Danach kommen wir zum Spiegelgebäude mit seiner mächtigen Kuppel. Dieses wird heute als Bibliothek genutzt. Das 1932 von Zeiss Jena gebaute 125 cm Spiegelteleskop wurde 1945 abgebaut und auf die Krim geschafft. Der große Saal und die Tresorräume beherbergen nun mehr als 75 000 Bücher, Tafeln, Karten und Schätze aus den letzten 300 Jahren mit Werken von Galilei, Kopernikus und anderen großen Forschern. Im Saal beeindrucken die über drei Etagen gebauten Regale, die dem Rund des Kuppelsaals angepasst und ein handwerkliches Meisterwerk sind.
Wir beenden unseren Rundgang mit einem Blick in die zwei modernen Gebäude, Schwarzschildhaus und Leibnizhaus, mit ihren hochmodernen Laboren, Hörsälen und Werkstätten, in denen eine internationale Gemeinde von Wissenschaftlern, Studenten, Technikern und Handwerkern sich den neuesten wissenschaftlichen Herausforderungen stellt.

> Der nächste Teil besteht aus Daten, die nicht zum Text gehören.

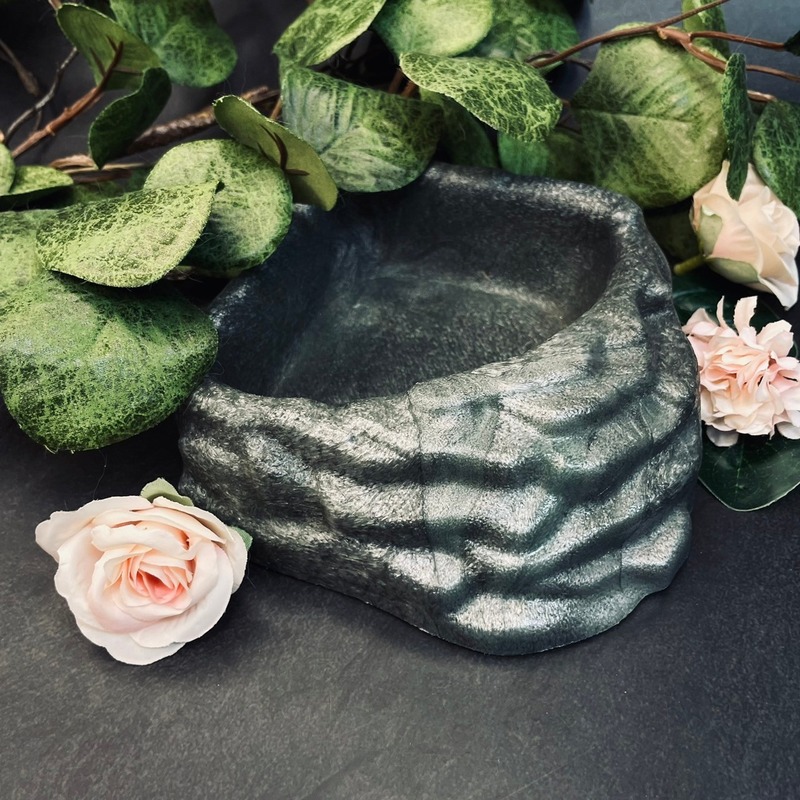 仿石爬蟲用水盆 三角 多用途 守宮 蛇 烏龜 倉鼠 天竺鼠可用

Voll neuer Eindrücke verabschieden wir uns mit dankbarem Beifall von Herrn Arlt, der im Ruhestand noch heute als ehrenamtlicher Mitarbeiter des Leibniz-Instituts für Astrophysik tätig ist und uns wieder einen faszinierenden Einblick in die Welt der für uns so rätselhaften Wissenschaft des Himmels und der Sterne gegeben hat.